Kebijakan affirmative action dan zipper system yang telah diterapkan pemerintah adalah salah satu cara pemerintah guna meningkatkan representasi perempuan dalam perpolitikan nasional secara kuantitatif. Agar peningkatan secara kuantitatif tersebut kontribusinya tidak menjadi sia-sia, maka setiap peningkatan secara kuantitatif harus pula dibarengi dengan peningkatan secara kualitas yang berarti peningkatan kualitas perempuan sebagai calon anggota legislatif juga penting untuk diperhatikan dikarenakan menurut Nuri Soeseno dikutip oleh Sali Susiana menyatakan bahwasanya sebagai konsekuensi kebijakan kuota affirmative action sebesar 30%, maka dapat dikatakan representasi perempuan dalam ranah politik masih bersifat deskriptif. Sehingga apabila kebijakan kuota affirmative action sebesar 30% untuk perempuan membawakan hasil dan kuota 30 % tersebut dapat dicapai maka akan ada harapan bahwa representasi yang tadinya bersifat deskriptif berubah menjadi representasi yang bersifat substantif. Dari pemaparan diatas, penulis menganggap bahwa perlu adanya suatu kebijakan yang penting terkait program pendidikan politik baru yang jelas dan terarah yang pastinya akan ditujukan kepada perempuan dan akan di implementasikan secara langsung khususnya perempuan yang berminat dan akan terjun ke ranah politik guna meningkatkan daya saing mereka ketika akan memperebutkan kursi di parlemen. Sehingga melalui program tersebut diharapkan dapat memaksimalkan keterwakilan perempuan di dalam kekuasaan legislatif di Indonesia, baik secara kuantitas maupun kualitas.

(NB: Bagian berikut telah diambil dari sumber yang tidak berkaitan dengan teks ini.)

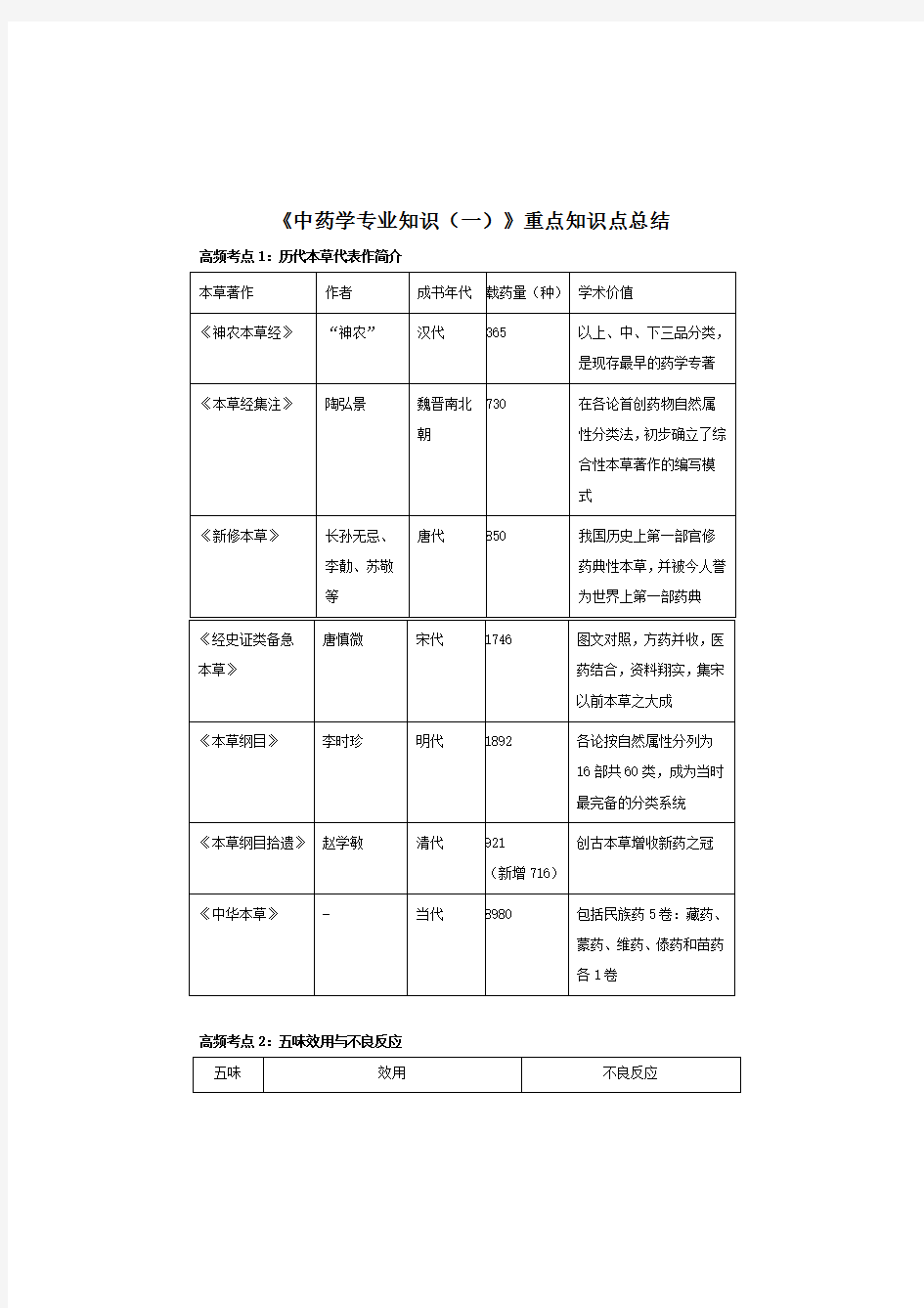 《中药学专业知识(一)》重点知识点总结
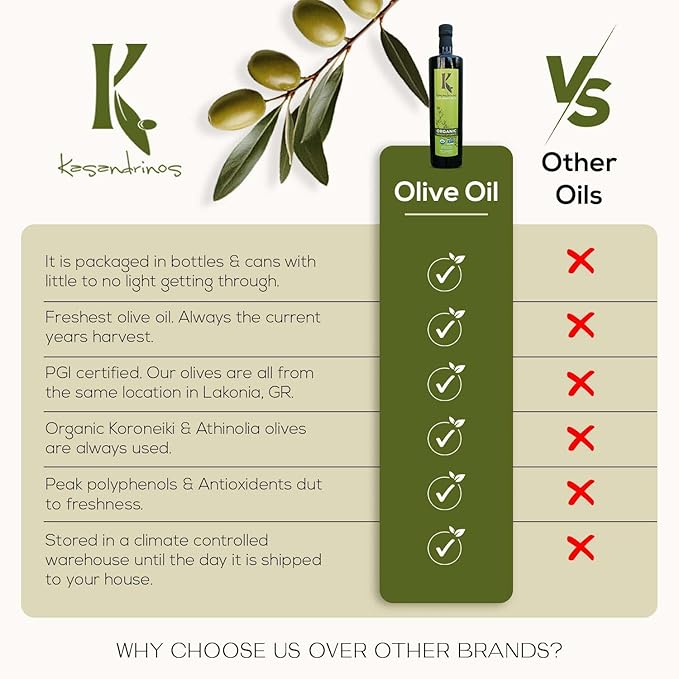 Kasandrinos Organic Olive Oil Extra Virgin, Polyphenol Rich Greek Olive Oil, 100% Organic First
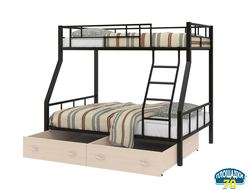 двухъярусная кровать фото, площадки70, двухъярусные кровати икеа фото,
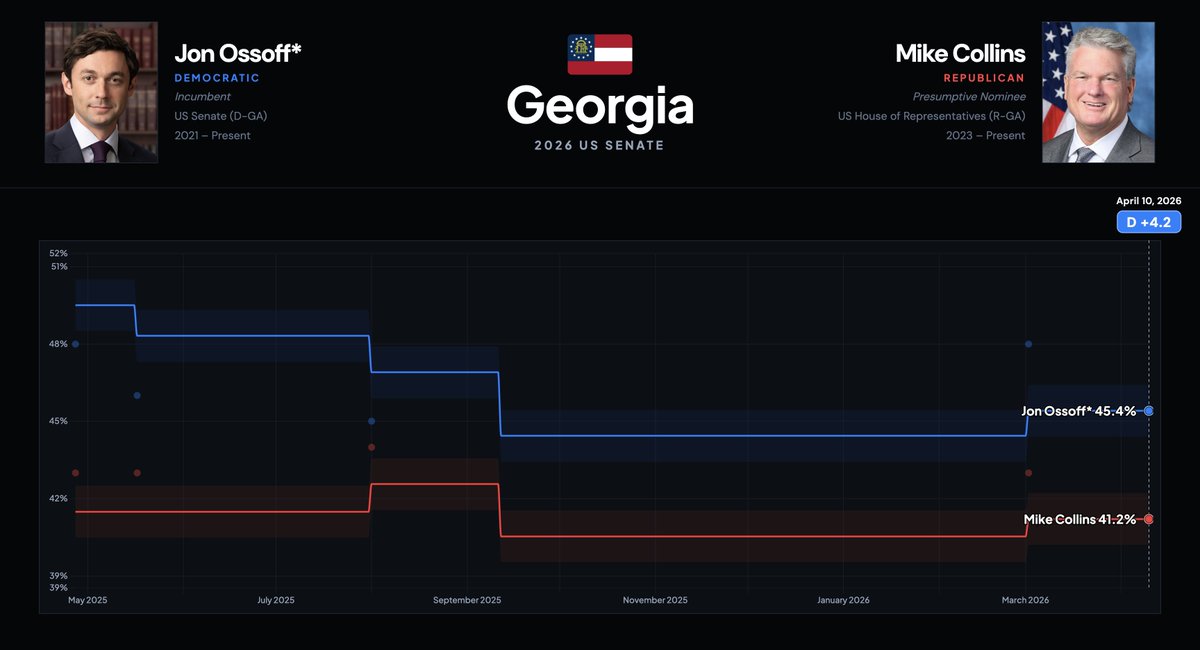 Pollsmax tweet media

Pada dasarnya Representasi perempuan di parlemen tidak dapat terlepas dari peran Perempuan dalam ranah publik. Pembahasan tentang peran perempuan dalam ranah publik masih menjadi perbincangan yang menarik, apalagi jika dipertemukan dengan pembahasan terkait peran perempuan dalam ranah domestik. Dikarenakan banyaknya permasalahan sosial yang belum berimbang antara laki-laki dan perempuan dimana sejak dahulu masyarakat masih beranggapan bahwa perempuan masih berada di bawah laki-laki dan hidup sebagai pelengkap, hal ini mengakibatkan peran perempuan di ranah publik mengalami berbagai rintangan, salah satunya apabila kita melihat dari aspek representasi perempuan di parlemen. Oleh karena itu, penulis berpendapat bahwa guna meningkatkan kuantitas serta memenuhi kuota representasi perempuan sebanyak 30% di parlemen, tentunya akan dibutuhkan pula sebuah komitmen dari partai politik sebagai wadah untuk membentuk kaderisasi yang nantinya akan duduk di parlemen. Seperti penulis mengutarakan sebelumnya bahwa guna meningkatkan kuantitas ini tentunya dibutuhkan perbaikan serta perubahan dari segi kualitas calon legislatif atau kader di partai politik khususnya kader perempuan, karena setelah penulis telaah bahwa kuatnya cengkeraman culture patriarki menyebabkan perempuan lebih dominan berada pada posisi marginal dan subordinat dalam budaya kerja maskulin, sebab posisi ini dibentuk oleh ideology patriarki yang mentakdirkan perempuan sebagai mahluk lemah, dimana pendapat tersebut telah menjadi ideologi umum yang bukan cuman berimpact ke masyarakat awam tetapi juga menjadi cara perspektif negara dalam melihat dan menempatkan perempuan. Sehingga masyarakat telah membentuk pandangan tersendiri akan ketidakmampuan perempuan di ranah publik, maka akan terjadi sebuah keniscayaan apabila semua ingin mengubah perspektif tersebut tanpa berusaha membuktikan melalui perbaikan serta peningkatan kualitas dalam internal perempuan itu sendiri.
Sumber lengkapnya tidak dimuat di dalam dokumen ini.